她觉着,一个人吧,什么都能骗人,眼神是真的骗不了人。她活了这么久,什么样的人没见过,得了失心疯的也算是见了不少。
那些人都和眼前的谢兰心一样。连眼神都透着一股子的歇斯底里,眼角眉梢都无时不刻的在狂欢中肆意飞扬,仿佛生来就是一副嗔怪模样,既有儿童的天真又夹杂着疯子的无邪。
这是岁鸢最不敢接触的一类人。她自认为撩功很强,最擅长对症下药,但这类人,明明是真的生了病,却根本对不上‘症’,自然也没办法下‘药’了。
系统没理她。正常,岁鸢也习惯了,这系统三天两头罢工,有了跟没有一样,好处一点都带不来,规矩倒一个接着一个套,索性不去管它,眼不见心不烦。
“六爷!!!”常威哭着冲这边喊。
此时他正被五花大绑的捆在一颗榆树下头,底下堆满了柴火。
只是一眼,岁鸢就觉察出不对劲了,小小的拉了谢怀简的袖子一下,示意他仔细些看那柴火。
宫内的柴火都是统一分配,用的都是从宫外运进来的松木,这种木头色泽淡黄,整体色调偏柔和。然而常威脚下的那堆木头,很明显不是淡黄,而是深棕、甚至有些偏黑的颜色。

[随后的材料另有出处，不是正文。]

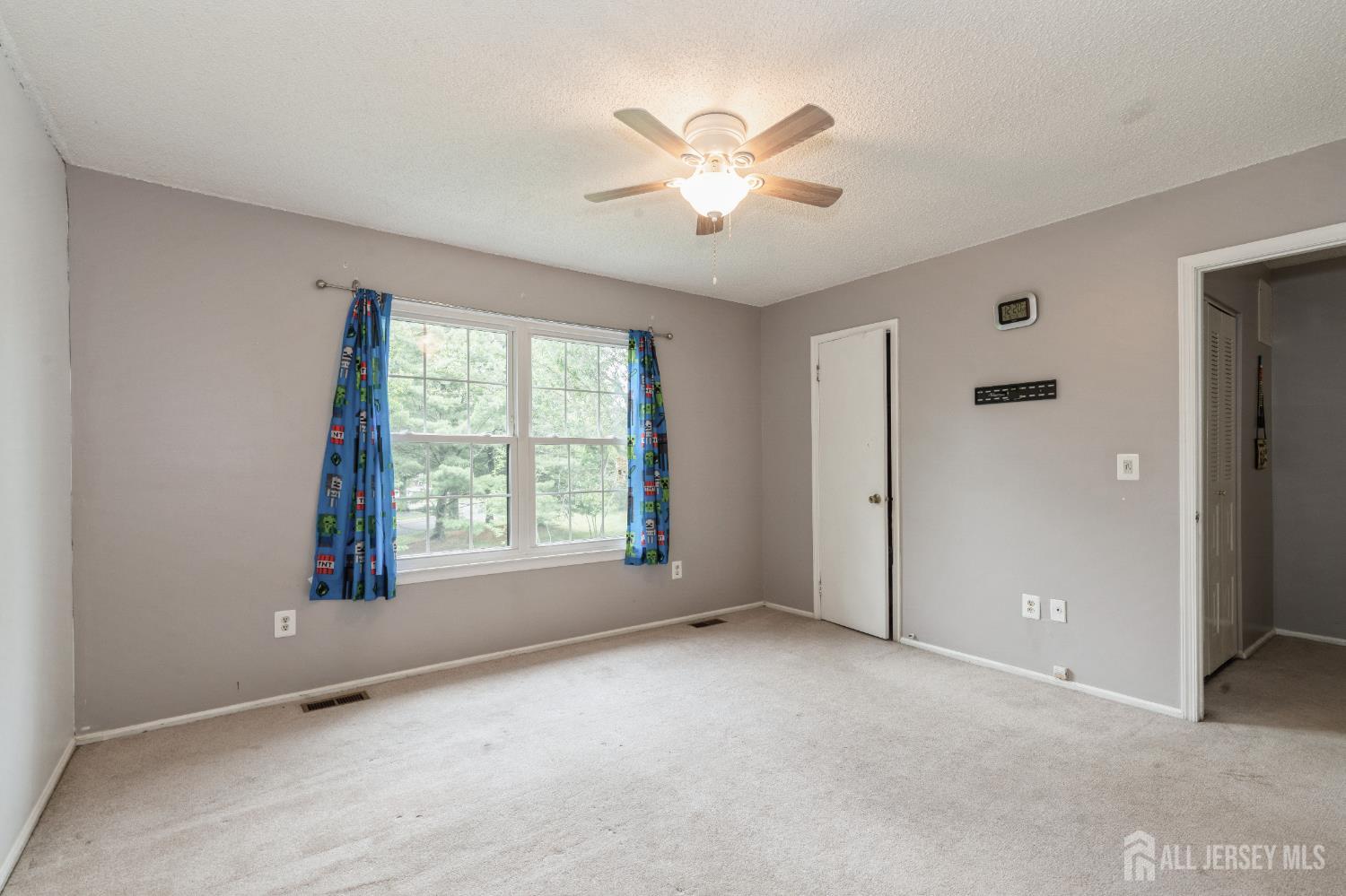 391 Danbury Lane, East Brunswick, NJ, 08816 image 17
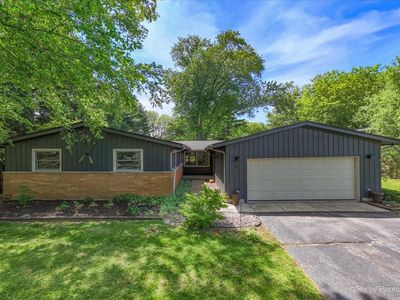 3403 Cove Ct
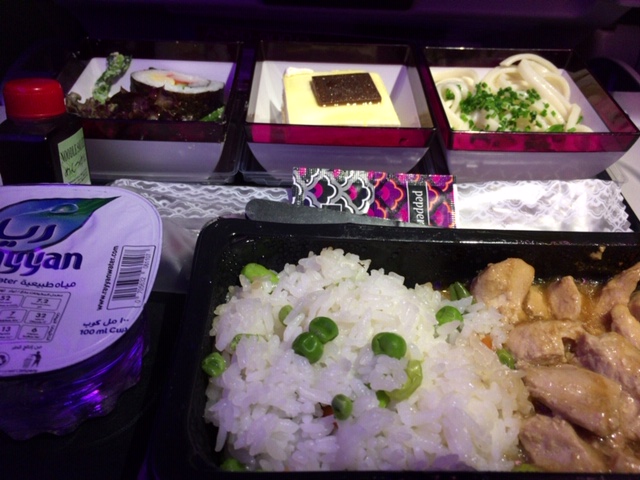 カタール航空機内食の写真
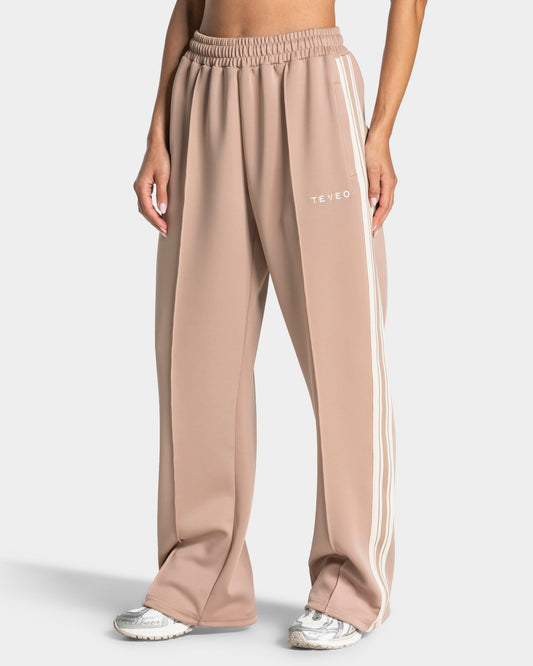 Club Straight Leg Joggers ‘Beige’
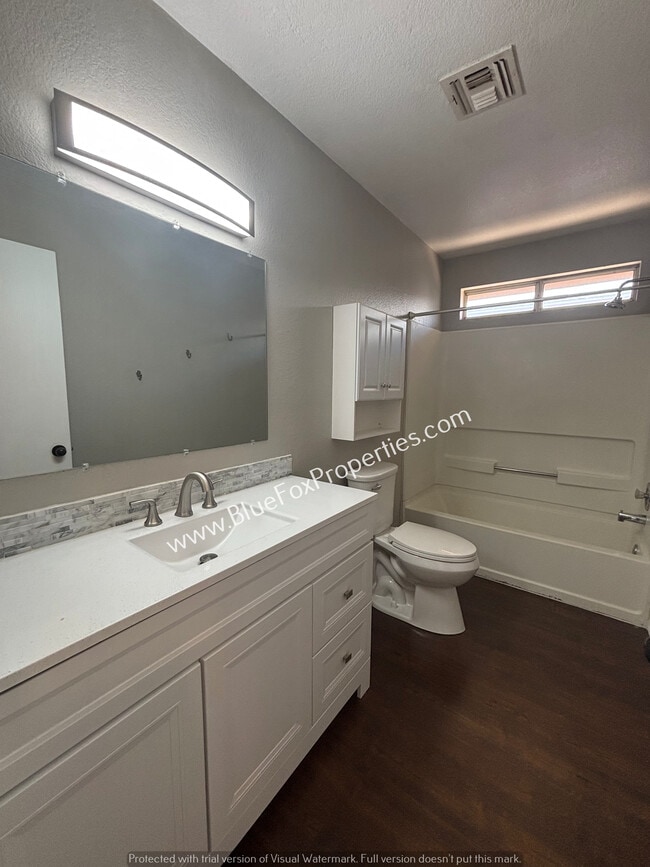 Building Photo - 4601 S Cornwall Dr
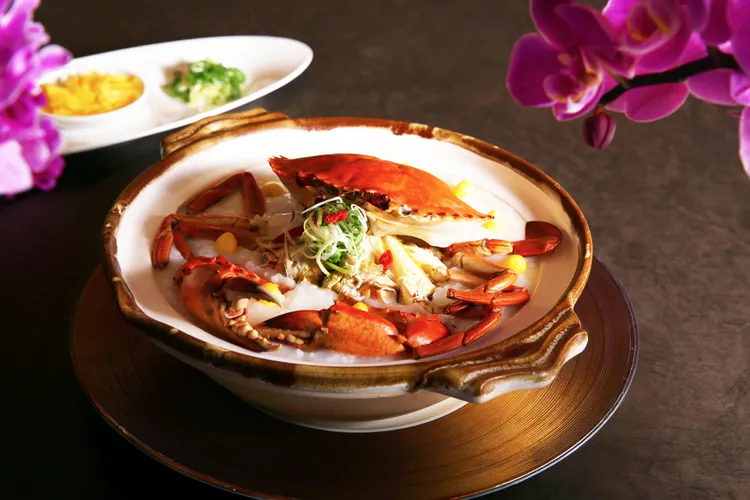 台北萬豪宴客樓秋蟹單品料理，「砂鍋煲處女蟳粥」以飽滿蟹黃的處女蟳、台灣越光米加入精燉八小時的港式上湯，以文火慢熬成綿滑鮮濃的蟹粥，綿密滑順。業者提供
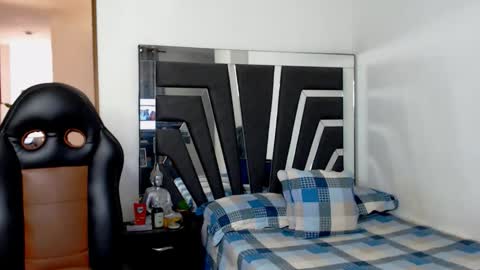 Noah Harris01 online show from November 25, 4:17 pm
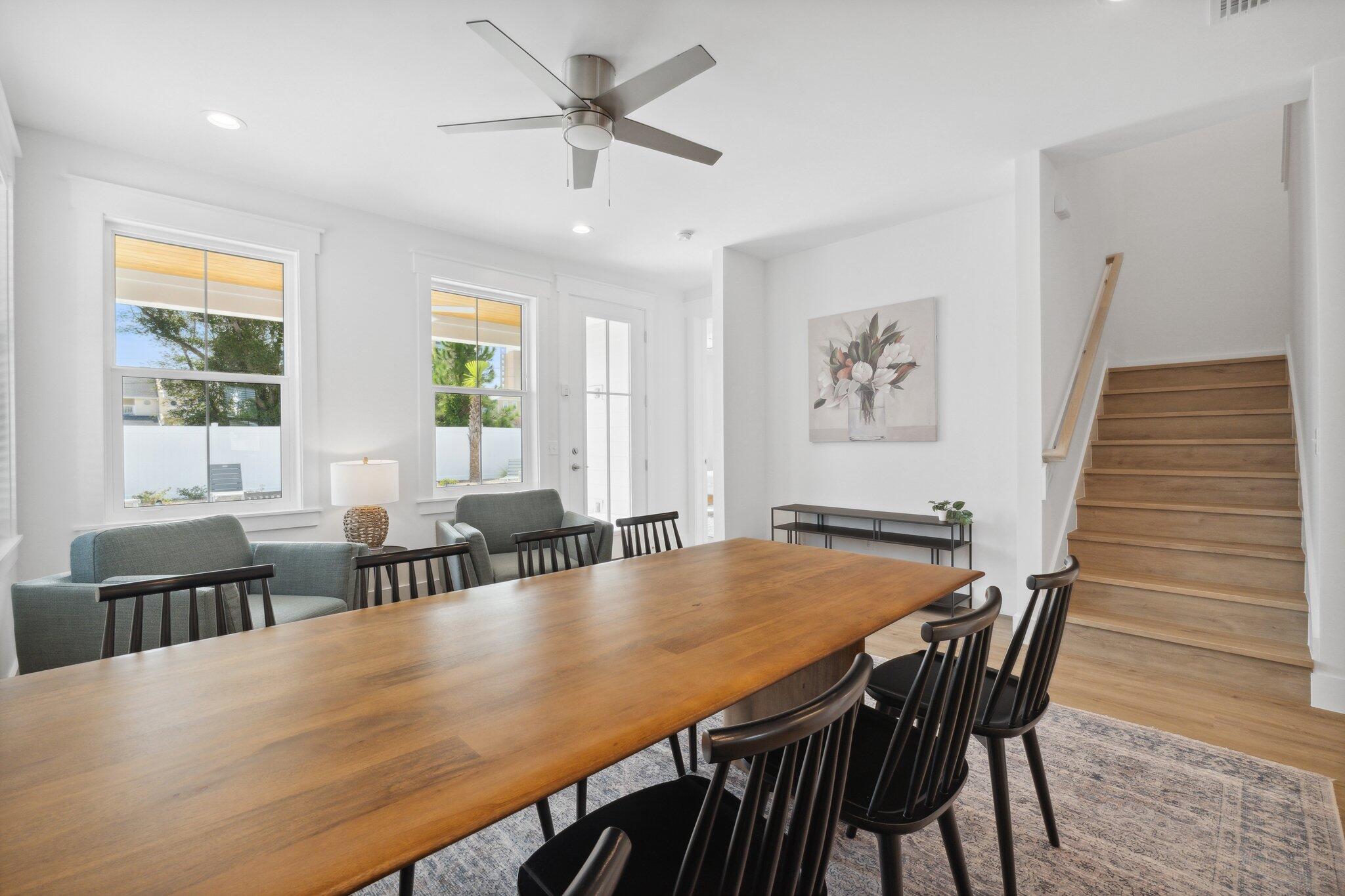 HOLIDAY BEACH UNIT 14 - Residential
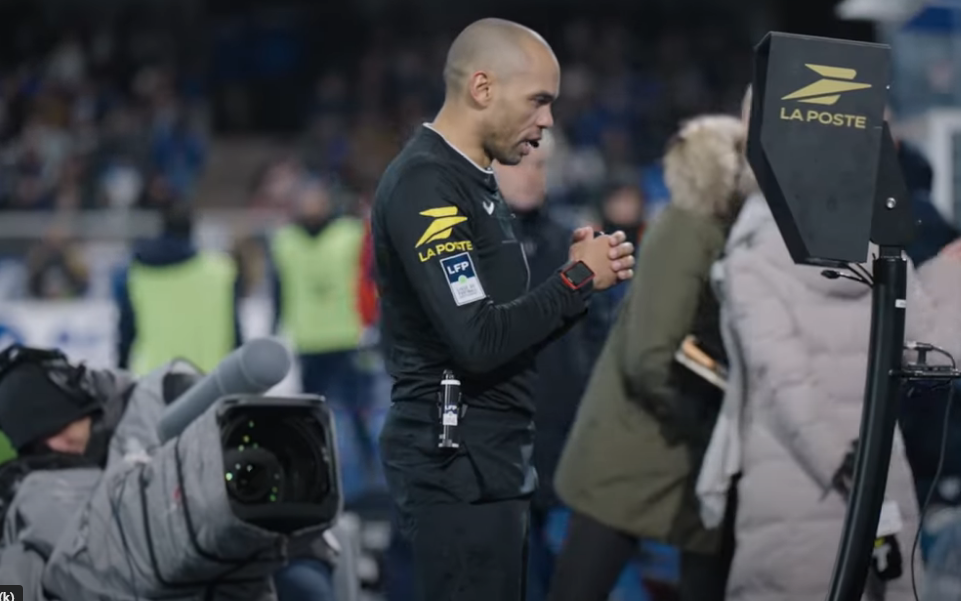Ligue 1 : «L’insulte, c’est une partie de mon métier», l’arbitre Gaël ...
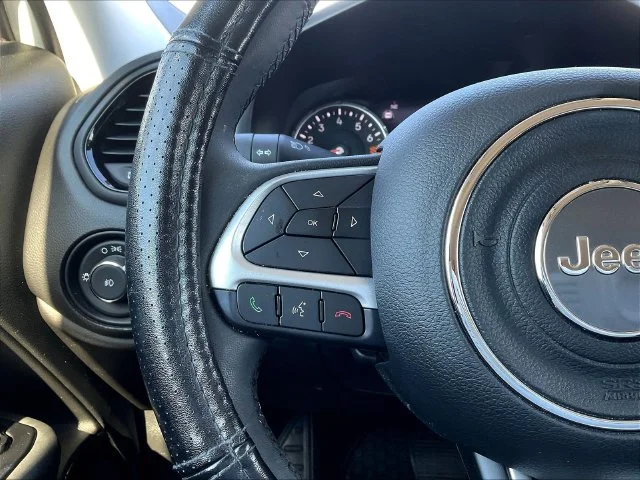 Used 2023 White Jeep Altitude image 12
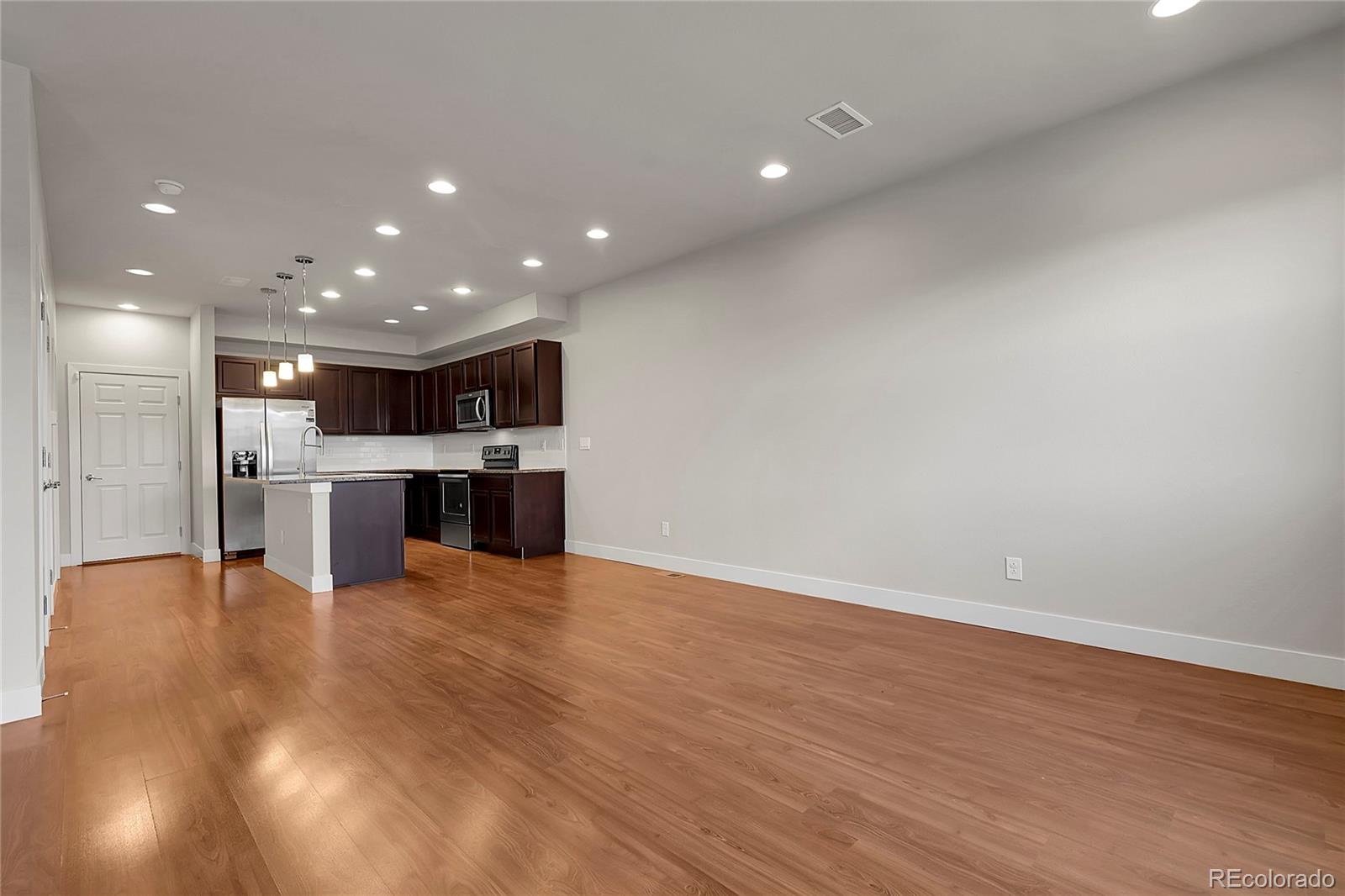 MLS Image #5 for 16060 e 47th drive ,denver, Colorado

这是树木被淋湿之后的颜色。岁鸢猜测应当是下人阳奉阴违,欺谢兰心疯癫痴傻,给他找了些湿木头,又在心里琢磨着,这样谢怀简不至于因为常威的死而迁怒他们了。
看来谢兰心这日子是真的很不好过啊……
看着谢兰心笑的天真,举着手里的火把东倒西歪的转圈圈,旁边也没个人去扶一把,若是摔了也就这么摔了。这下子就是岁鸢都有点可怜谢兰心了。
身边的人‘噗通’一声跪下。
“爷,求你了,救救常威,救救他……”常喜哭的鼻涕眼泪糊一脸,跪在谢怀简脚下不住的磕头。
谢怀简靠着旁边的石柱,只是柔柔弱弱的笑,也不说答应,也不开口拒绝,就这么看着他一下接一下的磕个没完。
岁鸢拼命的给常喜使眼色,这小孩还是一个劲的哭,也没看懂她的意思,只知道磕头。
就在这时,谢兰心突然尖啸一声,扛着火把就冲向了常威,速度快的众人一时反应不及。
只看见空中一条火舌滞留,谢兰心已经冲出好几米了,大红喜服在空中飘扬开来,露出他瘦骨嶙峋的肩膀。
“四、四殿下!!!”常喜目眦欲裂,此时也顾不上谢怀简了,爬起来就追着谢兰心上去了,连滚带爬的靠近,一股脑的抱住谢兰心的腰,拼了命的把他往回拖。
谢兰心本靠近了常威,连火把都伸了上去,没想到一时不备,竟被常喜给拉开了。
“连你也要欺负我吗?”谢兰心委屈的声音从上空传来。